_THE TASK_: An unchanged copy of all the lines below is expected, and it should contain no pictures.

- Opening Delimiter -

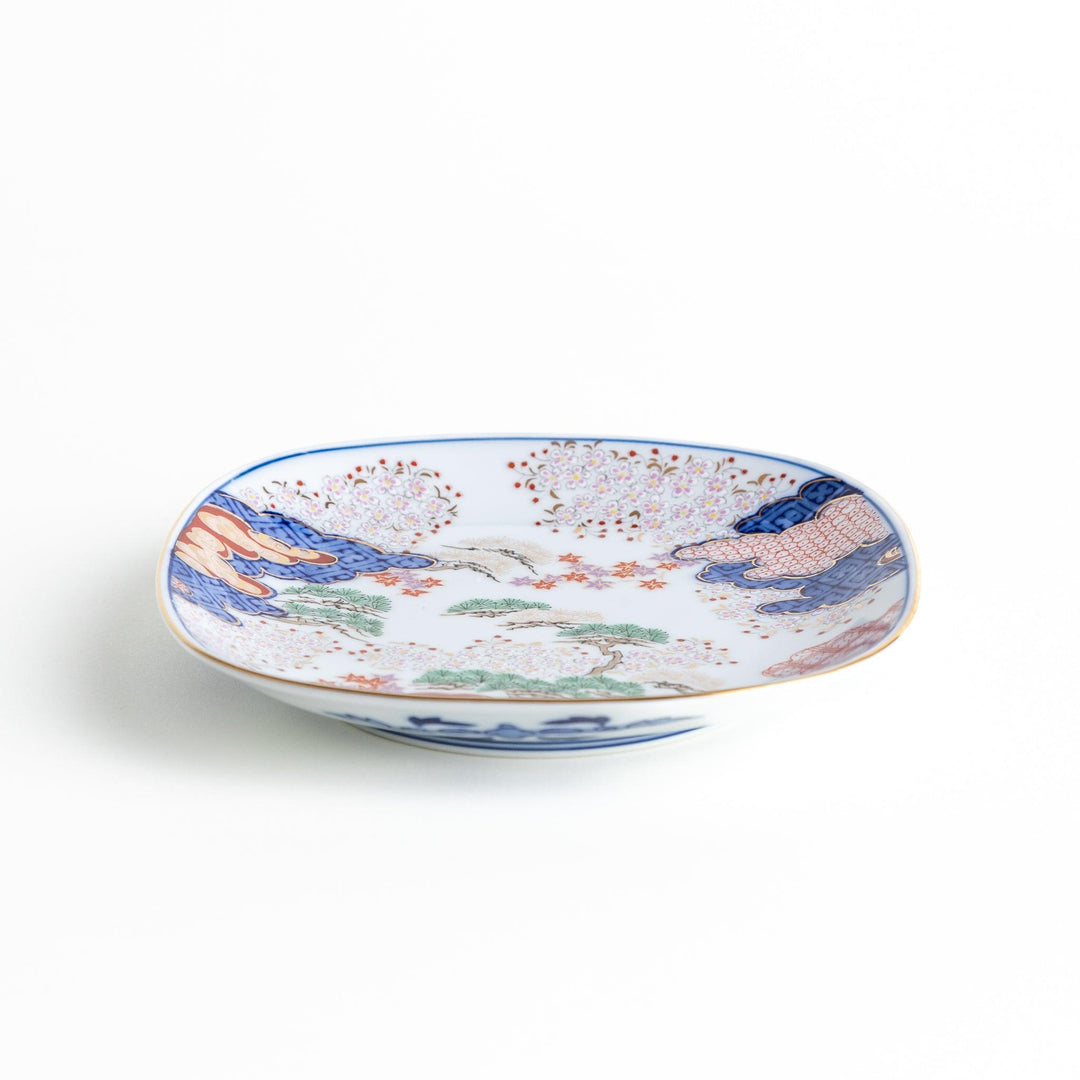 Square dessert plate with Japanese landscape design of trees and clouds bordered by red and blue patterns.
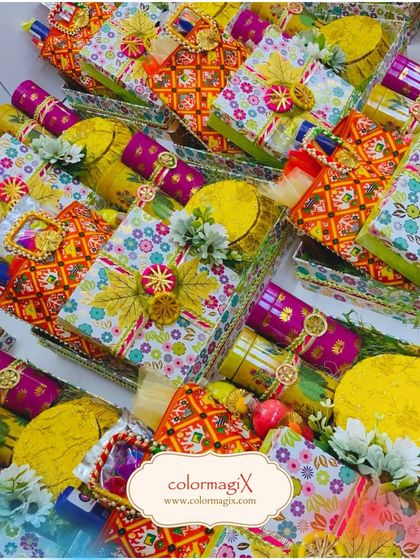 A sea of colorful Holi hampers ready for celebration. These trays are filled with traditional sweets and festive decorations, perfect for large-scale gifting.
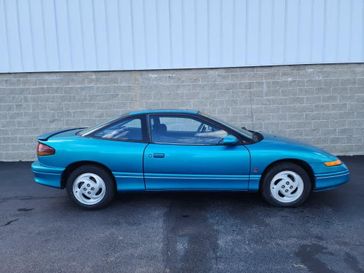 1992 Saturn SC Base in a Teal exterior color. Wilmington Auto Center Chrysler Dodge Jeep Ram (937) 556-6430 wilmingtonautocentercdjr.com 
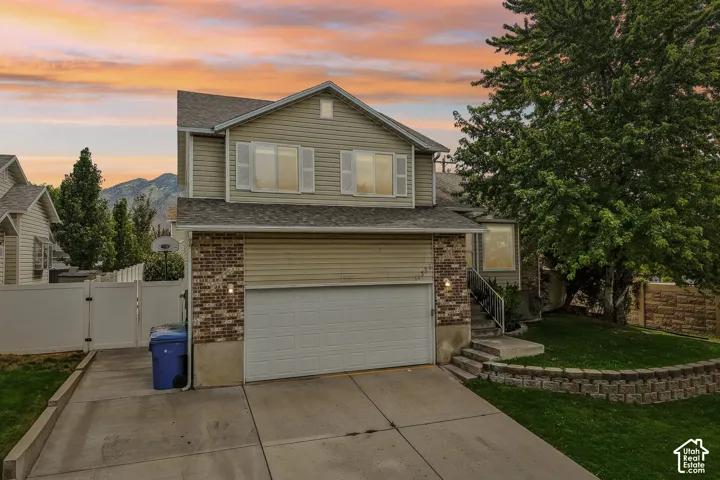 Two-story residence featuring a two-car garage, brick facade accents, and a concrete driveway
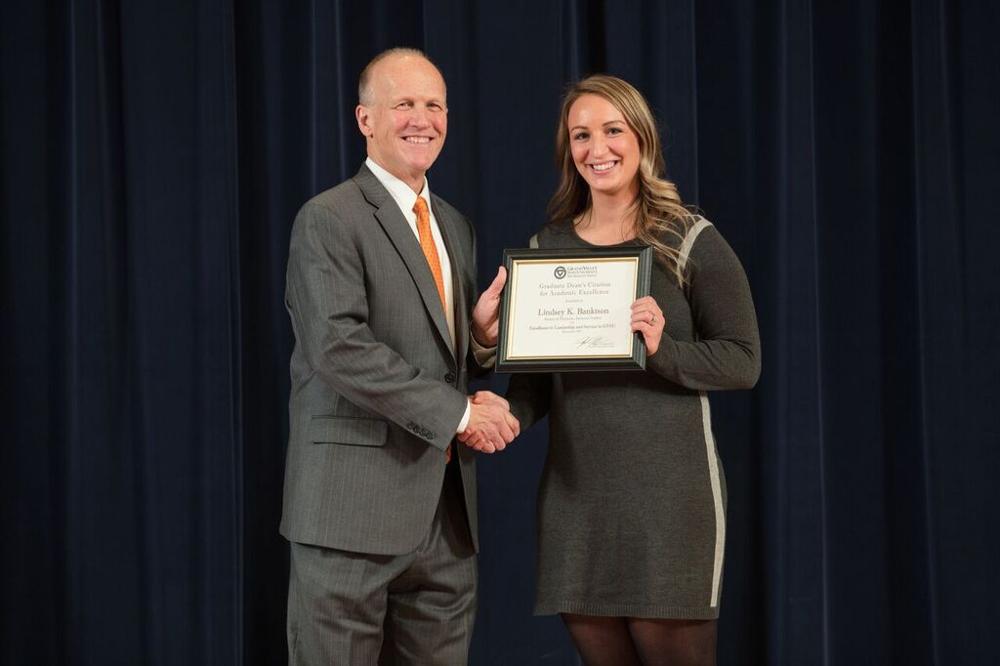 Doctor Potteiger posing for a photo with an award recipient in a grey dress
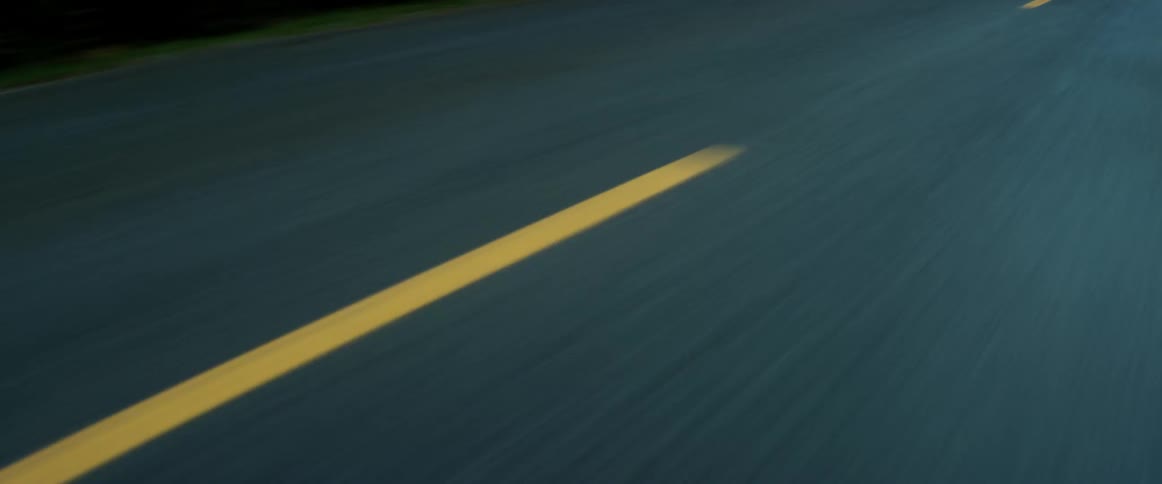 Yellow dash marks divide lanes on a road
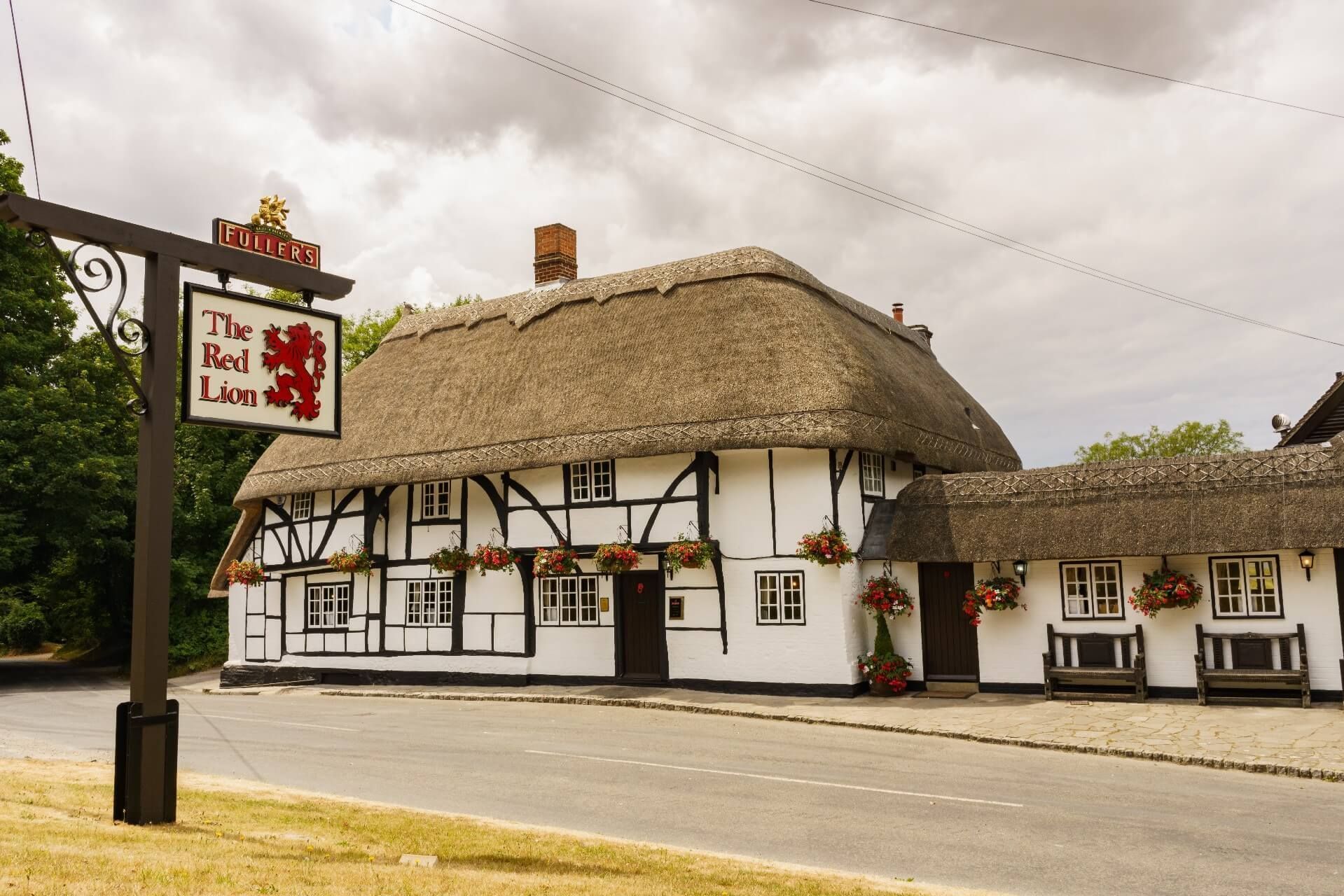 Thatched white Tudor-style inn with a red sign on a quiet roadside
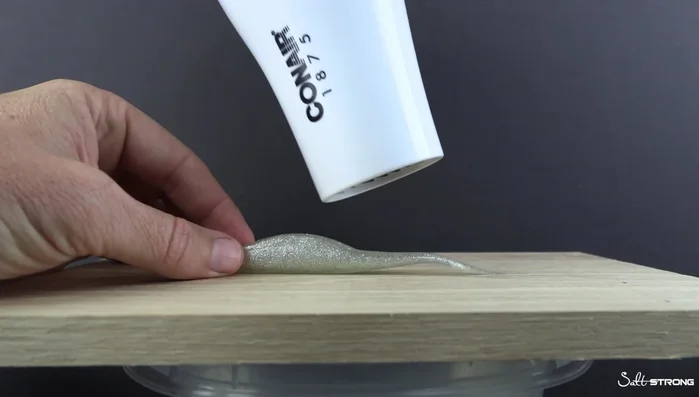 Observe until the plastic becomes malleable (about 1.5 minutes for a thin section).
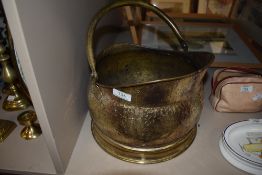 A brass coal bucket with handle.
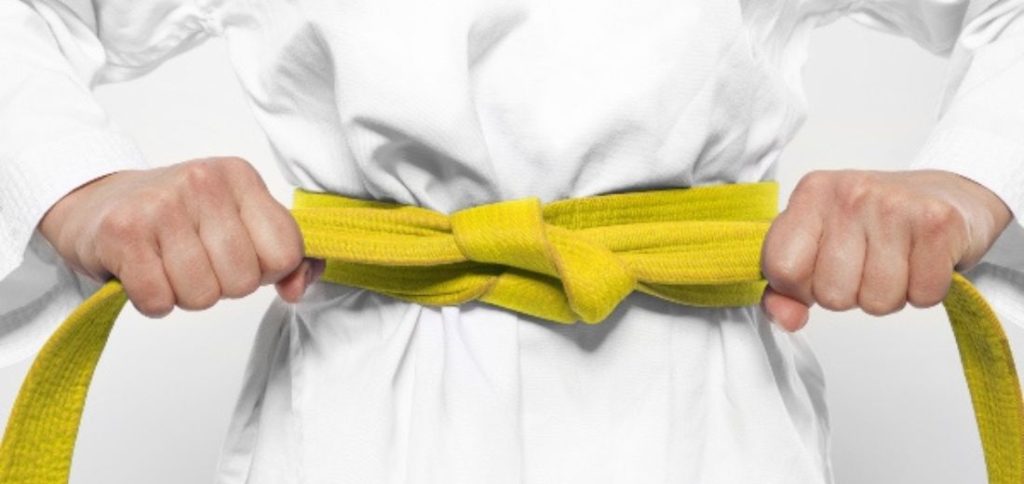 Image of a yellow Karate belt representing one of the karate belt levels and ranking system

- Closing Delimiter -

_REPLY TO THE EXERCISE_:
 Square dessert plate with Japanese landscape design of trees and clouds bordered by red and blue patterns.
 A sea of colorful Holi hampers ready for celebration. These trays are filled with traditional sweets and festive decorations, perfect for large-scale gifting.
 1992 Saturn SC Base in a Teal exterior color. Wilmington Auto Center Chrysler Dodge Jeep Ram (937) 556-6430 wilmingtonautocentercdjr.com 
 Two-story residence featuring a two-car garage, brick facade accents, and a concrete driveway
 Doctor Potteiger posing for a photo with an award recipient in a grey dress
 Yellow dash marks divide lanes on a road
 Thatched white Tudor-style inn with a red sign on a quiet roadside
 Observe until the plastic becomes malleable (about 1.5 minutes for a thin section).
 A brass coal bucket with handle.
 Image of a yellow Karate belt representing one of the karate belt levels and ranking system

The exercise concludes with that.